Welcome to my blog and thanks for stopping by. I won’t just be blogging about writing but about English Language, travel (especially Cuba and New Zealand), art, justice and injustice, and much more. This first blog tells how my writing career began by accident.
While teaching in the eighties, I developed a sore throat that grew steadily worse. After some weeks, I was hoarse, and any attempt to speak was excruciatingly painful.
An ENT surgeon directed a light onto my vocal cords and made “Ooo!” noises, like an excited potholer illuminating stalactitites in a newly-discovered cavern. “They look like succulents on my rockery,” he said.
“What exactly is the problem?” I asked.
“Imagine your hand in a tight-fitting glove,” he said, relinquishing my jaw. “If the glove works loose, the hand can’t function properly. Same with your vocal cords. If you abuse them and the lining works loose – even a fraction of a millimetre – you become hoarse.”
“So what can you do?”
“Slice the loose bits off with a laser. Don’t worry – they grow again.”
The day after the operation, I was sitting up in hospital slurping ice-cream. I felt great but couldn’t make a sound. I had a notepad and pen, and when the surgeon came round, I scribbled, “How long till I talk again?” He read my note and said, “Three or four days.” Then I scribbled, “How long till I can teach?” He paused. “Give it ten days,” he said. I smiled and gave him a thumbs-up.
A month later, I was at home unable to make the slightest sound. They had to be lying: I had something worse, and they were hiding the truth. I convinced myself it wasn’t life-threatening – just career-threatening. I’d never teach again. What could I do? The only thing was to write about something I knew about. The obvious topic was False Friends – pairs of words in two languages that look as if they mean the same but don’t. For example, Spanish embarazada doesn’t mean “embarrassed” but “pregnant”. I’d collected a long list of German-English False Friends during my time in Germany and now threw myself into further research.

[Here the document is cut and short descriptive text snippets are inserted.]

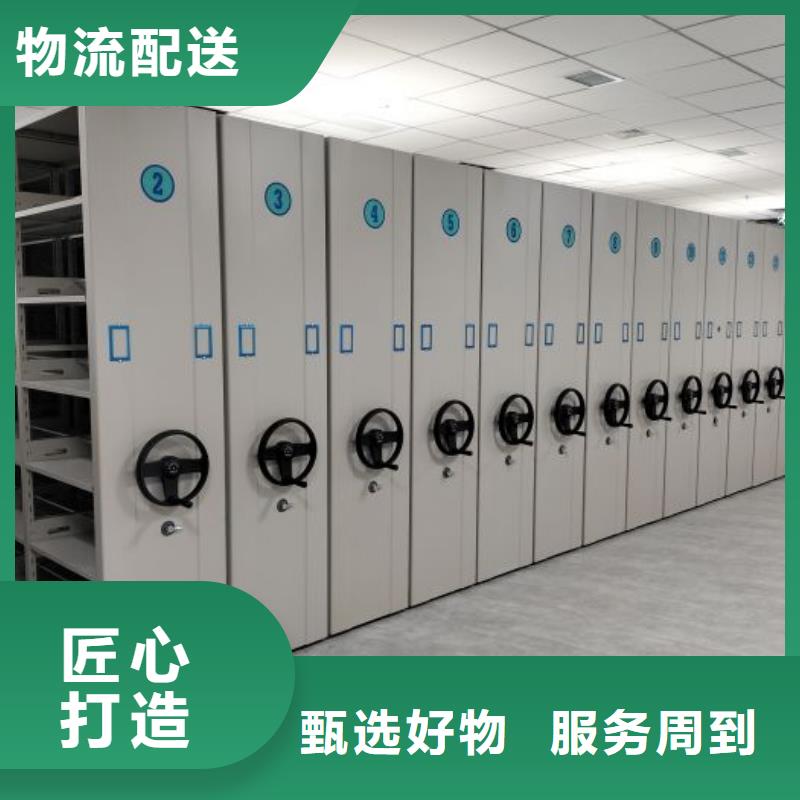 会计密集架厂家好品质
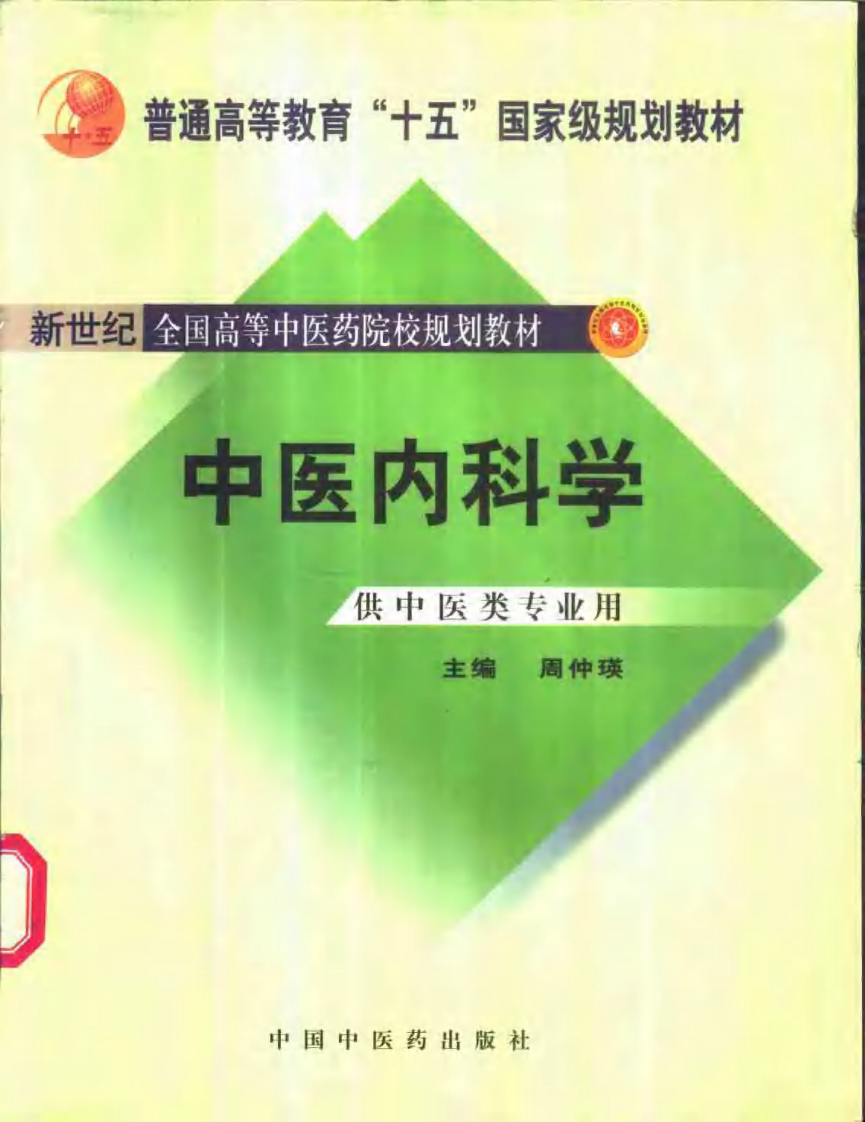 新世纪全国高等中医药院校规划教材-中医内科学.pdf 第1页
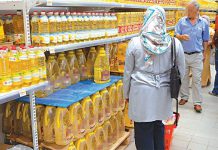 القصة الكاملة لأزمة الزيت! القصة الكاملة لأزمة الزيت!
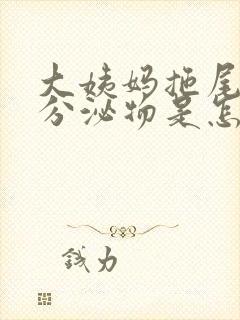 大姨妈拖尾褐色分泌物是怎么回事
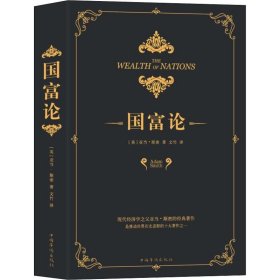 国富论 中国华侨出版社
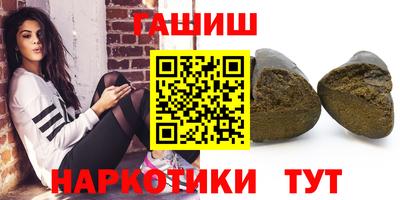 героин Мариинск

It was Christmas. At parties I tried to join in conversations with what I hoped was witty repartee scribbled on my notepad, but by the time I’d thought of something funny and written it down, the conversation had moved on and the moment was lost – it wasn’t funny any more. That was bad enough, but far worse was seeing how people couldn’t deal with my plight.
A friend who was standing right next to me turned to my then-wife and asked, “Is he eating all right?” If I’d been able to speak, I would have been dumbstruck. This “Does-he-take-sugar?” syndrome, where able-bodied people are unable to speak directly to those with handicaps, is intensely humiliating for the disabled. Hello? I thought. I’m here. Why don’t you ask me? I had a throat operation, not brain surgery.
Then, six weeks after the operation, I made a sound. It was a deep, ugly, guttural croak, but to me it was the sweetest sound in the world. I cried for half an hour – and taught for another twenty years.
I had done too much work on False Friends to put the research aside. A friend, Chris Perkins, put me in touch with Dr. Alan Cornell, who was researching the same topic, and we spent eight years compiling three volumes of German-English False Friends, which were published by the newly-formed Englang Books. Years later, it is still the leading work on the subject. Book One alone has sold more than 20,000 copies.
Every cloud has a silver lining, but every silver lining has a dangling thread. I got my voice back at a price – a shedload of anguish and a steep learning curve. When a doctor says four days, he may mean forty-two. I’ll never forget the prickling humiliation of those does-he-take-sugar moments. Nowadays I go out of my way to speak to the disabled and help whenever I can. And by the way, I don’t take sugar.